Requirement -> Below is a listing; retype exactly the lines between the one containing "In the meantime, can" and the one containing "This is the", inclusive, minus the pictures.

** The records follows **

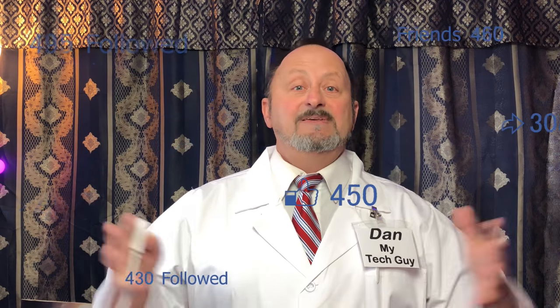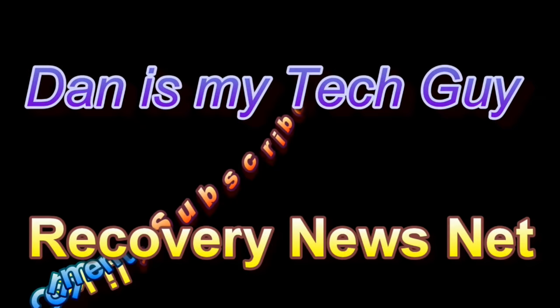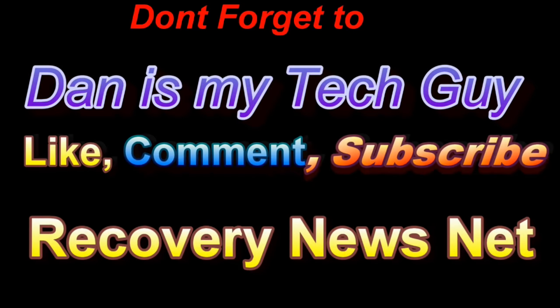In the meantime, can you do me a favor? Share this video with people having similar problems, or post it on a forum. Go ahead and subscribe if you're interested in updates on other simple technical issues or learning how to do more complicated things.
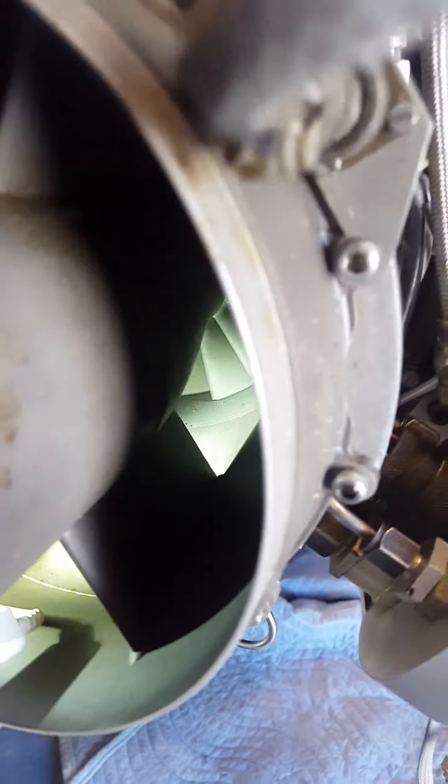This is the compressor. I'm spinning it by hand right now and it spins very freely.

** End of The records **
** The records follows **

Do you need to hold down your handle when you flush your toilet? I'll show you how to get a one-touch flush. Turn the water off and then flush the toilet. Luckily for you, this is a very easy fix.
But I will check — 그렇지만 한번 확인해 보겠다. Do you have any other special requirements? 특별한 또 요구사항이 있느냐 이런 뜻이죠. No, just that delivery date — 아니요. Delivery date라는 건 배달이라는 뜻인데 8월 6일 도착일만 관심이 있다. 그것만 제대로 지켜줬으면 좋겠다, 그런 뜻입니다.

** End of The records **
** The records follows **

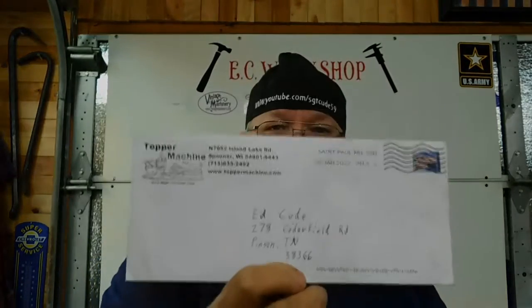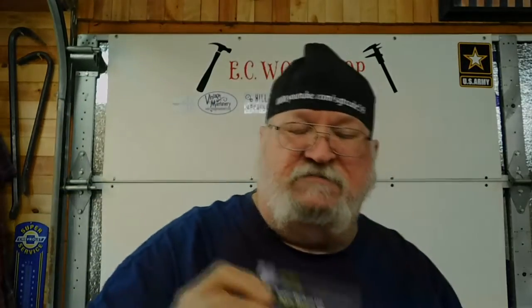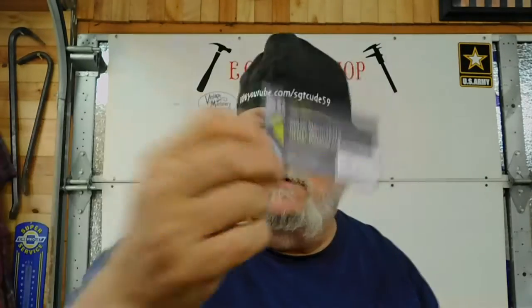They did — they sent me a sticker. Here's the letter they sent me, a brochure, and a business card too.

** End of The records **

Answer space ->
In the meantime, can you do me a favor? Share this video with people having similar problems, or post it on a forum. Go ahead and subscribe if you're interested in updates on other simple technical issues or learning how to do more complicated things.
This is the compressor. I'm spinning it by hand right now and it spins very freely.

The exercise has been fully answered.